• **REQUIRED WORK**:
In the material below, begin at the line that has "Предварительный просмотр 389", stop after the line that has "Отбойники задние Mazda 6 GG", and transcribe those lines exactly, without pictures.

• **SOURCE RECORDS**:
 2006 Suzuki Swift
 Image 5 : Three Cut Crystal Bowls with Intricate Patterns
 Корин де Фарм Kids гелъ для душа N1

--

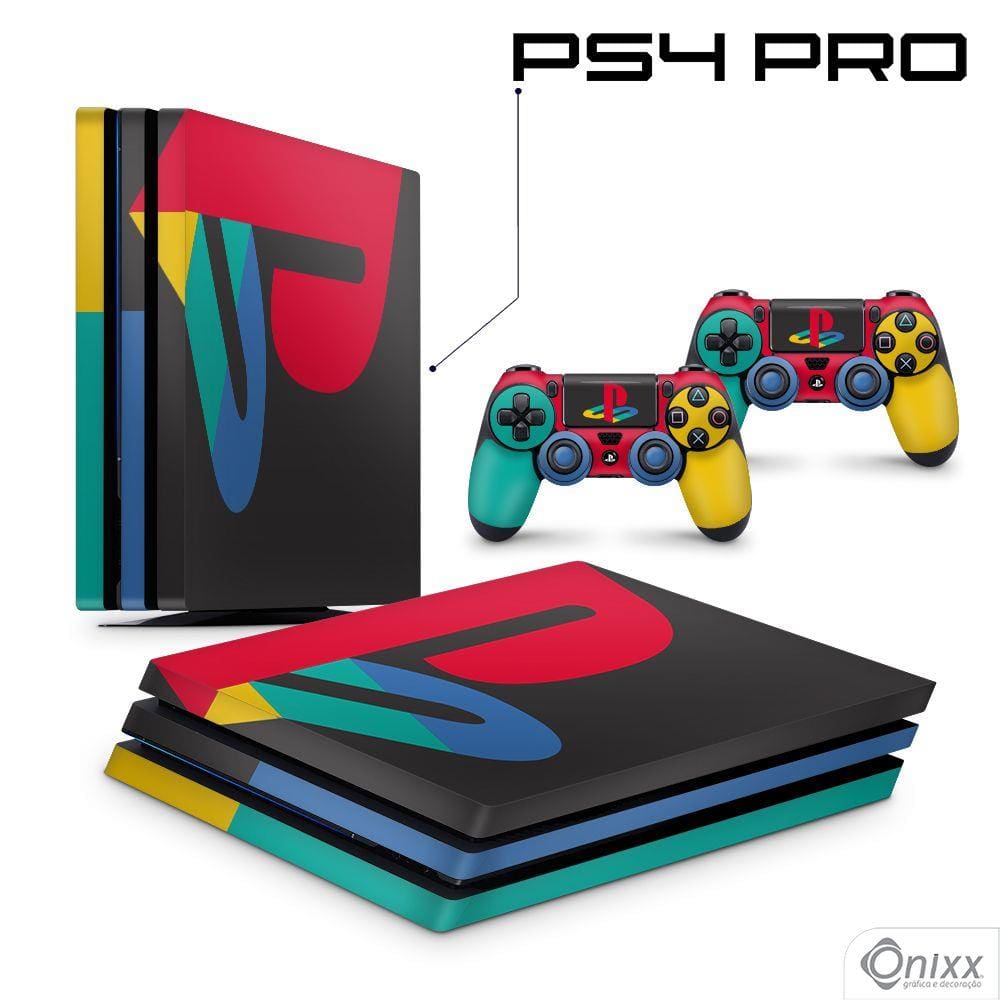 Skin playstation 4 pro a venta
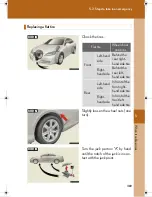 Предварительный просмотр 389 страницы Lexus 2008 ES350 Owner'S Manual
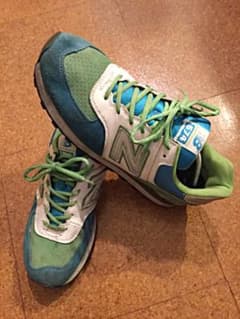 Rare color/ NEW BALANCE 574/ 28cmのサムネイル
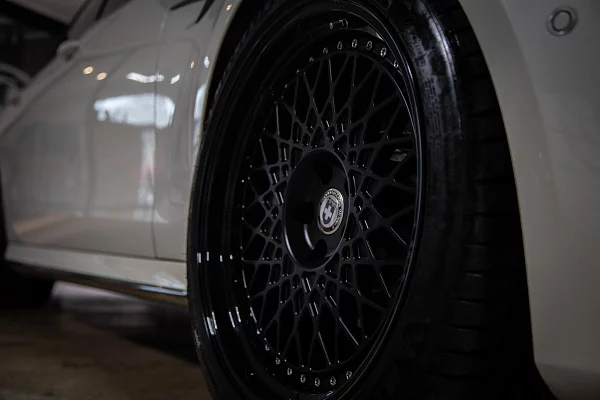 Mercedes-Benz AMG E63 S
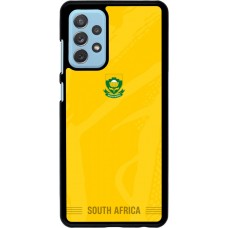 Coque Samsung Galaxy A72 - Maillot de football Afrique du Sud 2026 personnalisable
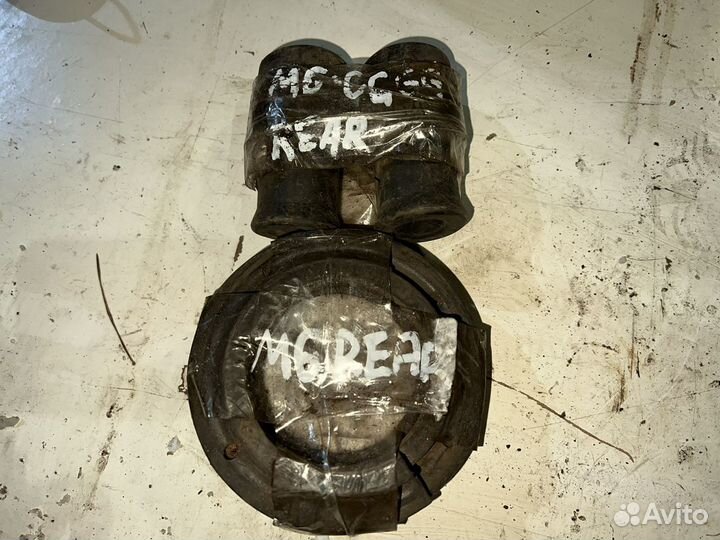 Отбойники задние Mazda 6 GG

• **ANSWER BOX**:
 Предварительный просмотр 389 страницы Lexus 2008 ES350 Owner'S Manual
 Rare color/ NEW BALANCE 574/ 28cmのサムネイル
 Mercedes-Benz AMG E63 S
 Coque Samsung Galaxy A72 - Maillot de football Afrique du Sud 2026 personnalisable
 Отбойники задние Mazda 6 GG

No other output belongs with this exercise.